Carving a niche out of barn wood

| 04 Nov 2014 | 02:43

As a college bound honor student, Peter von Uchtrup took a weekend job driving around upstate New York, looking for old barns to dismantle. He never guessed it would become his career.

By a stroke of luck, one of the first barns he reassembled was for a builder with clients in the Hamptons. The builder was so impressed by his attention to detail that work has flowed steadily ever since. Von Uchtrub, owner of 18th Century Builders, has no formal architectural training, but as he says, “I’ve learned more about building by taking down old barns and seeing what worked and what didn’t.” One of the things he loves is seeing the individual skill of each pre-industrial craftsman in the hand-hewn surface of the beams.

Once the lumber arrives at his workshop in Sugar Loaf, von Uchtrup sorts it into piles of beams, wall and ceiling planks, and floorboards.
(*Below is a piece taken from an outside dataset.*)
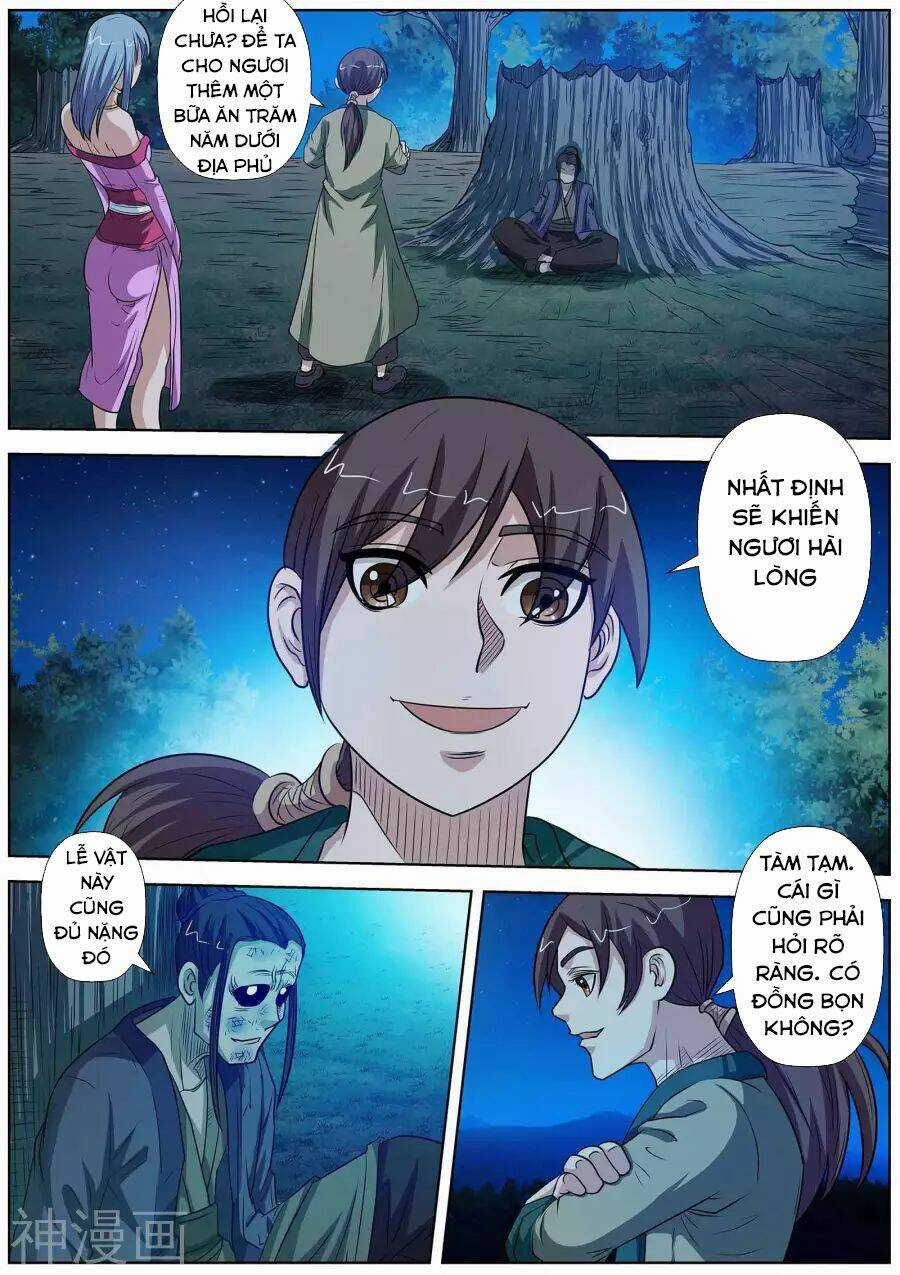 Phục Ma Thiên Sư Chapter 81 trang 6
Then the painstaking process of removing the nails, washing, and sanding the wood begins.

Nothing is wasted. Odd boards are stacked in his workshop to be made into country style furniture for 18th Century Furniture, the store he runs with his wife, Manon. She hand stencils signs, and paints wooden ornaments and picture frames that compliment the furniture.

Manon shows off the many hearts made of wood or fabric spread around the store. They hold a special meaning for the couple. Several years ago a minor operation left Peter with a virus that attacked his heart. Manon needed something to calm her nerves during his months of waiting for a transplant. She took up sewing and discovered her own passion. In addition to the hearts, she makes finely crafted cloth dolls, baby clothes, and soft toys.

Peter never knows what he’ll find when he dismantles an old barn—love letters, booze bottles stashed away, a diamond ring that fell through the floor boards. But one thing he does know is that the stout timbers he salvages will find a good home.